Норма, содержащаяся в ст. 311 действующего УК, сконструирована также в целях защиты безопасности отдельных категорий субъектов, но перечень таковых выглядит несколько иначе. Во-первых, этот перечень включает в себя не только должностных лиц (и их близких), но и некоторых частных лиц (и их близких). Во-вторых, в него не входят должностные лица, не являющиеся участниками процессуальной деятельности и не выполняющие обязанности по исполнению процессуальных актов[316].
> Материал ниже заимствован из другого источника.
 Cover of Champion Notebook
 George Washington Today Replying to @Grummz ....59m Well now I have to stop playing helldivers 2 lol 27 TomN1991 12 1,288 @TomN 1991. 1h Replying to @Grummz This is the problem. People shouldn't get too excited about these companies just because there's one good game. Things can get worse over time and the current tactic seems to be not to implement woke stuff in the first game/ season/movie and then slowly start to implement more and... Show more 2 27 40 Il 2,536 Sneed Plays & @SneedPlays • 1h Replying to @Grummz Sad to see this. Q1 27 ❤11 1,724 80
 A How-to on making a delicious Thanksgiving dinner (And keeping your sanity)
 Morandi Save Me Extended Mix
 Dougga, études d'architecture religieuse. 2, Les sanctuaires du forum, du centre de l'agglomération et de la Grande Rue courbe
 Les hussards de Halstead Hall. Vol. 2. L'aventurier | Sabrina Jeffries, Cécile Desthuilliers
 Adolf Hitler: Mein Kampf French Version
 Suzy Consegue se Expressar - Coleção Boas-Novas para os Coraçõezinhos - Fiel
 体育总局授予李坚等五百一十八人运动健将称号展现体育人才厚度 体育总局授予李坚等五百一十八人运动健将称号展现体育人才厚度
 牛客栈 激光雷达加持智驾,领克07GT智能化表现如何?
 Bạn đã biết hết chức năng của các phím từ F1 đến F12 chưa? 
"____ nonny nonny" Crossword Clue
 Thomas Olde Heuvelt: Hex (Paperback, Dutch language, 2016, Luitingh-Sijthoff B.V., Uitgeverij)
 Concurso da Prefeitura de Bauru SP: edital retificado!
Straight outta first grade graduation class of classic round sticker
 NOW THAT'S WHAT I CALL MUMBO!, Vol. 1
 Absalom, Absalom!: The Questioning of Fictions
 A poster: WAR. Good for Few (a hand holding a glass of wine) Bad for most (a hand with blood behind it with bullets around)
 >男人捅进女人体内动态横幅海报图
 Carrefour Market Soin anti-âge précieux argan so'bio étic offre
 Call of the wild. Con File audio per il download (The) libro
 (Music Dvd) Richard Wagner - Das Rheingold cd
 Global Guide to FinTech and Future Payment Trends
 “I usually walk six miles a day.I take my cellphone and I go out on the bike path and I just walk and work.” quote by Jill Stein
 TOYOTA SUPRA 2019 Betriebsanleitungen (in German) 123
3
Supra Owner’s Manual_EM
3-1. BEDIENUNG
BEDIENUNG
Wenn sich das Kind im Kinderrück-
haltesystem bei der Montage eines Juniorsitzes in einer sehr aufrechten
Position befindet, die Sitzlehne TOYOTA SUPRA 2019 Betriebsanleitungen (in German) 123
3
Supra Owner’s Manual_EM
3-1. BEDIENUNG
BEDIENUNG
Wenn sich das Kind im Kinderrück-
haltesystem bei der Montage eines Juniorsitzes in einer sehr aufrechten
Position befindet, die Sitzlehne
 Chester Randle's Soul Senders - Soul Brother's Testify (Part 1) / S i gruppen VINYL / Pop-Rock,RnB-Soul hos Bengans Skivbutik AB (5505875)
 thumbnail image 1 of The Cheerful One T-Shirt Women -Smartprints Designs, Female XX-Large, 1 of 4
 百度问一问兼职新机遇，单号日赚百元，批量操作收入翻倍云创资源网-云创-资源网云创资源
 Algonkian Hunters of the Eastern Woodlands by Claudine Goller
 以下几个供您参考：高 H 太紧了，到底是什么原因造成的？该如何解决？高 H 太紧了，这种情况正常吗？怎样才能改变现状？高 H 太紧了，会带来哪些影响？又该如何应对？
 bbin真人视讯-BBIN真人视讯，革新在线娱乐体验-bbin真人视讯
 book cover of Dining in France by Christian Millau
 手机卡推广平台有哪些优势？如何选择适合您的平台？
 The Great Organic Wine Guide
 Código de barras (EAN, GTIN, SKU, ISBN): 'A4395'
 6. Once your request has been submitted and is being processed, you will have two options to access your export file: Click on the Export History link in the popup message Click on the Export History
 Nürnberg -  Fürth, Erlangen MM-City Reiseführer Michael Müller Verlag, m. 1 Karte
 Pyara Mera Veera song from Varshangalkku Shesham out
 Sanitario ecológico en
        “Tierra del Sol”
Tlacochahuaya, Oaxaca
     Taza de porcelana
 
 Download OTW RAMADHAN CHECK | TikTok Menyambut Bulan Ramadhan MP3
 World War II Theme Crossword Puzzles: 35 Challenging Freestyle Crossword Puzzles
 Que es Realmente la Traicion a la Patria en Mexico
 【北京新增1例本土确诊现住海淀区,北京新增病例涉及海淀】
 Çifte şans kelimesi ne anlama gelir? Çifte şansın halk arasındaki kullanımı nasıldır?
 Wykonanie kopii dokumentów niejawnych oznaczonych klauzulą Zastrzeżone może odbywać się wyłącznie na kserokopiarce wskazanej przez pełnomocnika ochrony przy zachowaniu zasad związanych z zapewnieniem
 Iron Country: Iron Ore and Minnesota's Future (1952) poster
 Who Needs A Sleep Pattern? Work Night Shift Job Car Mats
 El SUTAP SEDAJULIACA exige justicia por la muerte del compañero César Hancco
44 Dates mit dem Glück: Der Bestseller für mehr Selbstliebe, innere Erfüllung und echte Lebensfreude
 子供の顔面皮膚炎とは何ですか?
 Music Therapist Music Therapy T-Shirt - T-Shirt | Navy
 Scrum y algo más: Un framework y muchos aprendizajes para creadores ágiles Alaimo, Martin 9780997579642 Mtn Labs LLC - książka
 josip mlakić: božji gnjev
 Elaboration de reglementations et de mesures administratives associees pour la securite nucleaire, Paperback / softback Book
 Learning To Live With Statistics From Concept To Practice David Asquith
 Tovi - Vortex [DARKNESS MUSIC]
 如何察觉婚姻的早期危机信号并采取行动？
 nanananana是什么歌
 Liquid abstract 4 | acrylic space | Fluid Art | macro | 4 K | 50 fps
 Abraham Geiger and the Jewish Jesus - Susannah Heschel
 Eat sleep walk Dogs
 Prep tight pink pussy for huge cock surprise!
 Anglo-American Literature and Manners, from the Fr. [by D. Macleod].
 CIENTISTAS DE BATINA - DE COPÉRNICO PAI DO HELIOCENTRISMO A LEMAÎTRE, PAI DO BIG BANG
Основной объект преступления, предусмотренного указанной статьей, думается, может быть определен как безопасность участников процесса и их близких, а также лиц, выполняющих обязанности по исполнению процессуальных актов, и их близких, как условие надлежащего отправления правосудия и беспрепятственной реализации результатов последнего.
Нам представляется, что круг потерпевших от данного преступления не следует ограничивать лицами, являющимися только участниками уголовного судопроизводства и их близкими[317]. Ни название ст. 311 УК, ни ее содержание не дают основания для такого вывода. Внимательное ознакомление с текстом названной статьи позволяет выделить не одну, а несколько категорий субъектов, чья безопасность берется под особую опеку и в отношении которых может возникнуть потребность в применении специальных средств, обеспечивающих их защищенность от различного рода угроз.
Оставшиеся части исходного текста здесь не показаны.